Indeed “war stopped play” has too often been the description of the state of cricketing diplomacy between India and Pakistan. Ice cold relations put paid to Test cricket between the sides from 1960 to 1978. And when Pakistan defeated India on the resumption, President Zia was so overcome with joy that he ordered a bank holiday. In an echo of that move, the Pakistan government has granted half a day’s holiday today.

This match marks the end of another very frosty period. It will be the first between the countries on Indian soil since the terrorist attacks on Mumbai in November 2008, which were organised from Pakistan.

Meanwhile, Pakistan remains convinced that the Indians are backing the long-running insurgency in Baluchistan, and cannot forgive what it regards as the occupation of Muslim-majority Kashmir.

So today’s match will be the most closely guarded, and heavily fortified, in the history of world sport.
Paramilitary security will surround the stadium, while the Indian government has already imposed a no-fly zone every bit as ferocious as the United Nations interdict on Libyan airspace. Fighter jets and helicopters of the Indian Air Force are on permanent standby at nearby Ambala for any breach, while approaching 10,000 police are either on patrol in the streets or stationed nearby. Anti-aircraft guns are also lined up in case of attack.

Hardline Hindu groups, such as Bal Thackeray’s Shiv Sena party, have proclaimed their unequivocal opposition to the presence of the Pakistan cricket team on Indian soil, and it is no wonder that some blame the sporting rivalry for inspiring unhealthy communal hatred.

But these criticisms are misplaced. Again and again these highly charged encounters have turned into an unequivocal force for good. The truth is that Pakistan and India have a great deal more in common than they care to admit to themselves. They share many of the same languages, the same customs, the same history, the same clothes and one magnificent shared passion – the game of cricket.

So there is a surprising amount of good humour between rival fans when the sides meet. The players tend to get on very well, too. During one period of conflict the legendary Indian batsman Sunil Gavaskar was asked his view, and reportedly replied: “How do you spell conscientious objector?”

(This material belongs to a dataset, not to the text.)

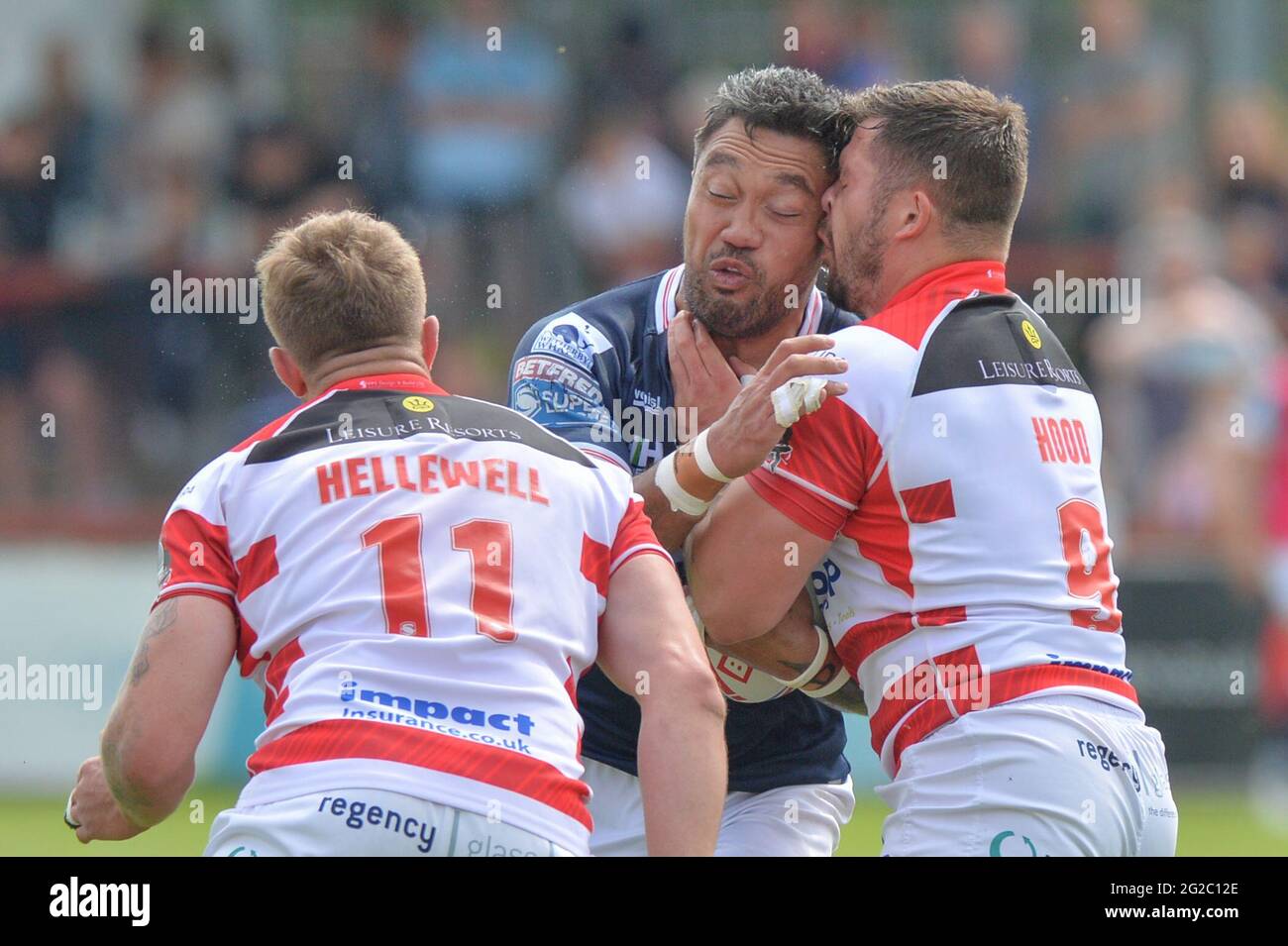 Wakefield, England - 6. Juni 2021 -Tinirau Arona von Wakefield Trinity stößt während der Rugby League Betfred Super League Wakefield Trinity gegen Leigh Centurions im Mobile Rocket Stadium, Wakefield, Großbritannien Dean Williams/Alamy Live News gegen Liam Hood von Leigh Centurions Stockfoto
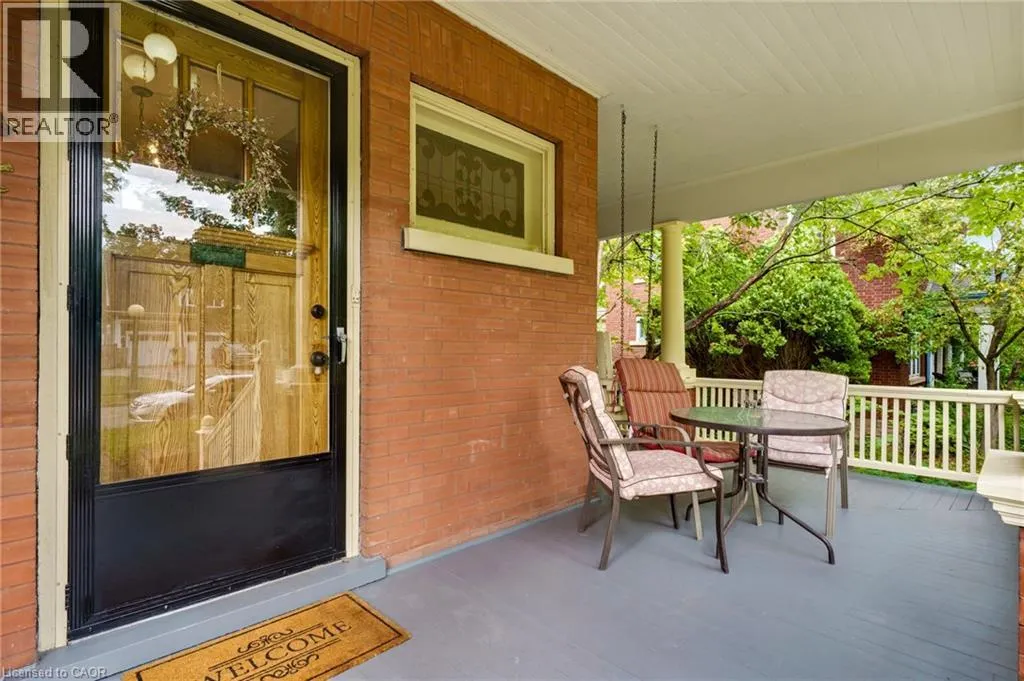 36 WENTWORTH Avenue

Pakistan ended a long period of bitter tension by inviting India on a highly successful tour six years ago. Afterwards, the Indian High Commissioner told the Pakistan cricket manager and diplomat Shararyar Khan: “20,000 Indian fans visited Pakistan for the cricket series. You have sent back 20,000 Pakistani ambassadors to India.”

This triumph echoed India’s first tour of Pakistan back in 1955, just eight years after the agonies of partition. Pakistan threw open its doors, with some 10,000 Indian citizens crossing the border across which so many had fled amid terrible scenes of carnage. The atmosphere could not have been warmer as the Muslims of Lahore took the Indian visitors to their hearts, with many restaurants and hotels giving them free drinks and meals.

So today, it is no surprise that the Indian prime minister, Manmohan Singh, and his Pakistan counterpart, Yusuf Gilani, both Punjabis, will be together at Mohali, taking advantage of the occasion for a little “cricket diplomacy” in an attempt to ease the relations which have been so fraught in recent months.

The two prime ministers will witness a gladiatorial encounter. But it is one that demonstrates how much their two great warring countries have in common.